Intensity and anisotropies of the stochastic Gravitational Wave background from merging compact binaries in galaxies

TL;DR

This paper models the isotropic and anisotropic components of the stochastic gravitational wave background from merging compact binaries in galaxies, predicting their observable signatures and analyzing their spectral and angular properties.

Contribution

It introduces an empirical galactic astrophysics approach to predict SGWB anisotropies and their angular power spectrum, including detailed source contributions and detector sensitivities.

Findings

SGWB anisotropy power spectrum follows a power law on large scales

Spectral shape varies among source types and detector sensitivities

Simulated high-resolution sky maps incorporate Poisson and clustering effects

Abstract

We investigate the isotropic and anisotropic components of the Stochastic Gravitational Wave Background (SGWB) originated from unresolved merging compact binaries in galaxies. We base our analysis on an empirical approach to galactic astrophysics that allows to follow the evolution of individual systems. We then characterize the energy density of the SGWB as a tracer of the total matter density, in order to compute the angular power spectrum of anisotropies with the Cosmic Linear Anisotropy Solving System (CLASS) public code in full generality.

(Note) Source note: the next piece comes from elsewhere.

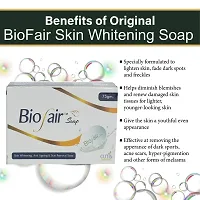 Biofair Glutathione Skin Whitening Soap For Brightening  Whitening For All Skin Types 75gm PAck of 6-thumb1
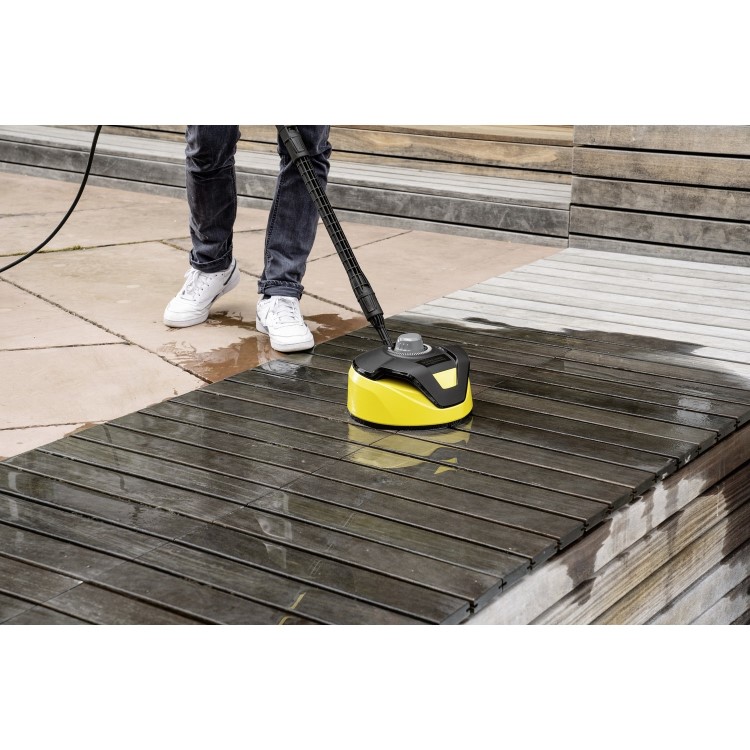 Karcher K4 Power Control Home Pressure Washer with Patio Cleaner and Stone Detergent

We obtain predictions for the isotropic energy density and for the angular power spectrum of the SGWB anisotropies, and study the prospect for their observations with advanced Laser Interferometer Gravitational-Wave and Virgo Observatories and with the Einstein Telescope. We identify the contributions coming from different type of sources (binary black holes, binary neutron stars and black hole-neutron star) and from different redshifts. We examine in detail the spectral shape of the energy density for all types of sources, comparing the results for the two detectors. We find that the power spectrum of the SGWB anisotropies behaves like a power law on large angular scales and drops at small scales: we explain this behaviour in terms of the redshift distribution of sources that contribute most to the signal, and of the sensitivities of the two detectors. Finally, we simulate a high resolution full sky map of the SGWB starting from the power spectra obtained with CLASS and including Poisson statistics and clustering properties.